Posted by: Colin Miller | Jun 23, 2015 12:50:52 PM

OMG. YES, Seamus!

Jay says he called Patrick looking for weed and talked to Patrice. If her statement says she doesn't remember that, it's yet another thing the impeaches Jay and the states timeline.

Posted by: Dragga | Jun 23, 2015 12:58:43 PM

Dragga: Right. Presumably, Patrice tells the police: (1) I don't remember January 13th; (2) I didn't talk to Jay on January 13th; (3) I talked to Jay on January 13th and he was looking for my brother and/or weed; or (4) I talked to Jay on January 13th and [other explanation].

What she said could have been a dead end or hugely helpful to Adnan.

Posted by: Colin Miller | Jun 23, 2015 1:01:29 PM

What she said could have provided much needed corroboration of Jay and the State's story. That her results of her statement were never disclosed are of interest because if she HAD corroborated Jay's statements, it most likely would have been used by the police and prosecution.

Posted by: Dragga | Jun 23, 2015 1:12:21 PM

Dragga: Right, and Jeff J. could have corroborated Cathy while Mark could have corroborated Jay. Or they all could have contradicted the relevant players.

Posted by: Colin Miller | Jun 23, 2015 1:14:51 PM

It's weird to me that the police would interview her based on a throwaway line like that . . . is there any other evidence of contact between Adnan and Patrice?

Posted by: Seamus Duncan | Jun 23, 2015 1:20:48 PM

The only references I have found to Patrice in the State and defense files are (1) Jay's statement that he talked to her on the phone when he called Patrick; and (2) the cover sheet indicating that she was interviewed by police. I'm not aware of any connection between Adnan and Patrice or Patrick.
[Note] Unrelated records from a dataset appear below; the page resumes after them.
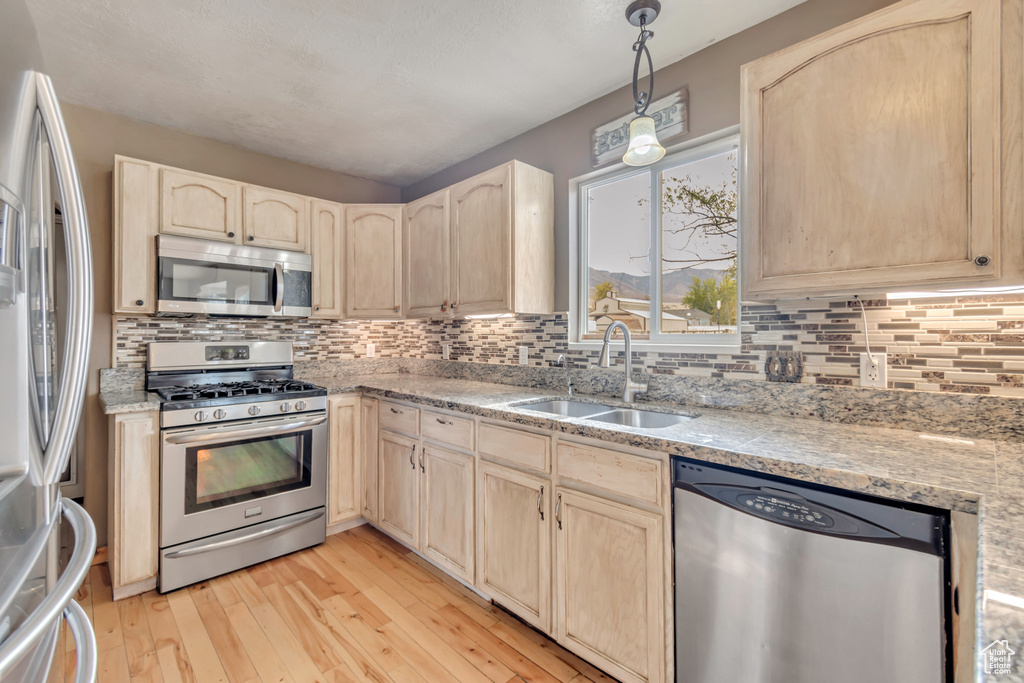 Kitchen with light brown cabinets, appliances with stainless steel finishes, sink, and light wood-type flooring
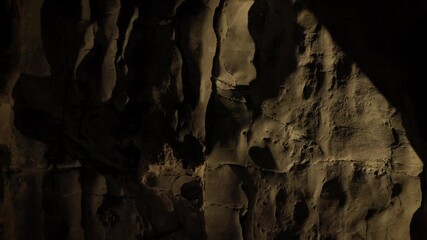 Natural limestone cave texture with stalactites and stalagmites in darkness. Mysterious underground tunnel in Thailand. - Powered by Adobe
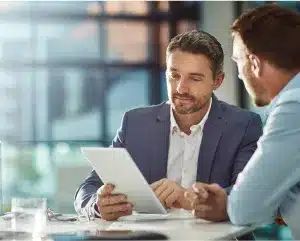 Two men in business suits examining a tablet, engaged in a discussion or analysis of the displayed information.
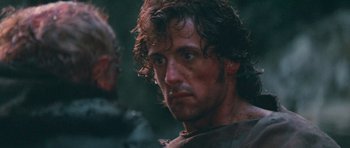 Movie still from “First Blood” (1982), directed by Ted Kotcheff – A person with a beard; Close Up shot, Over the shoulder angle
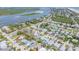 An aerial view showing the neighborhood with the river and ocean in the background on a clear day at 206 Kirkland Rd, New Smyrna Beach, FL 32169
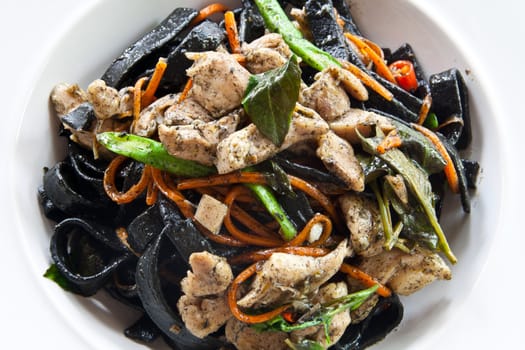 Stir in spaghetti, black lines. A spicy. thai style.
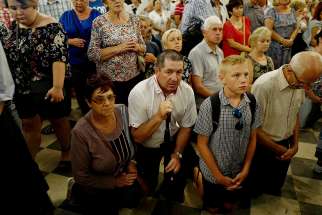 Worshippers pray during celebrations on the feast of the Assumption, Aug. 15, 2018, at Jasna Gora Monastery in Czestochowa, Poland. The Vatican secretary of state praised the Polish church&#039;s traditional closeness to Rome as key to its survival under hostile regimes, in a speech marking the centenary of the nation&#039;s conference of bishops and diplomatic ties with the Vatican. 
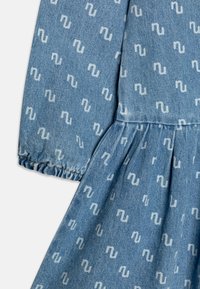 Denimkjole med et lyseblått stoff som har et gjentatt hvitt bølgemønster, rynket midje og elastiske mansjetter på lange ermer.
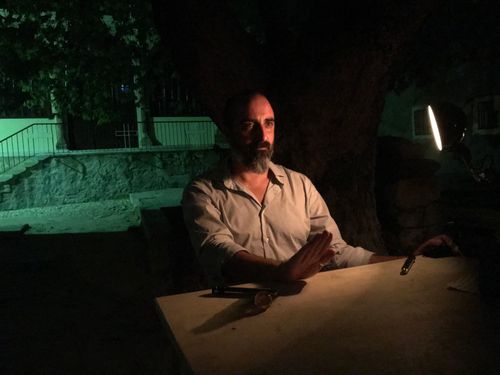 picture showing a moment from Manos Tsangaris' piece “Love & Diversity” in Chios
Posted by: Colin Miller | Jun 23, 2015 1:25:08 PM

The notes were not handed to the defense. Says who? How do you prove such a statement in the absence of defense attorney.

Posted by: S | Jun 23, 2015 1:28:18 PM

S: I guess I can't say with 100% certainty that they were never turned over to the defense, but they are not in the defense files, and they are not in the State files turned over pursuant to an MPIA request.

Posted by: Colin Miller | Jun 23, 2015 1:31:23 PM

It also appears that the Asia letters were not in the defense file. Does that mean Adnan never gave them to the defense?

Posted by: Seamus Duncan | Jun 23, 2015 1:43:02 PM

Seamus: I have no idea. If that were the case, though, it would be interesting. The Circuit Court’s holding was largely premised on the finding that Gutierrez could have thought that Asia was offering to lie in her letters. If Adnan told Gutierrez and her clerk about Asia (as indicated by the notes) but didn’t turn over the letters, the Court’s holding on this point wouldn’t make any sense. But it would seem odd for Adnan to tell Gutierrez and her clerk about Asia but not give them the letters.

It’s tough to say anything definitive about what was given to Gutierrez because there are several documents from other cases in Adnan’s file and it appears that Gutierrez was actually billing Adnan for work done in other cases and vice versa. So, it’s easy to imagine several documents from Adnan’s case being in the files for other cases.

Posted by: Colin Miller | Jun 23, 2015 1:52:19 PM

"It’s tough to say anything definitive about what was given to Gutierrez because there are several documents from other cases in Adnan’s file and it appears that Gutierrez was actually billing Adnan for work done in other cases and vice versa. So, it’s easy to imagine several documents from Adnan’s case being in the files for other cases."
WOW. just...wow.

Posted by: BeOhBe | Jun 23, 2015 4:01:52 PM

Along another line, looking at the ground around the picture of Hae's car, it sure looks like another car was recently parked immediately to the ledt (right looking at it). Notice the browned out grass as if a car had been parked there for a while. Also notice that it would not fit there unless Hae's car --over the green grass -- were not there.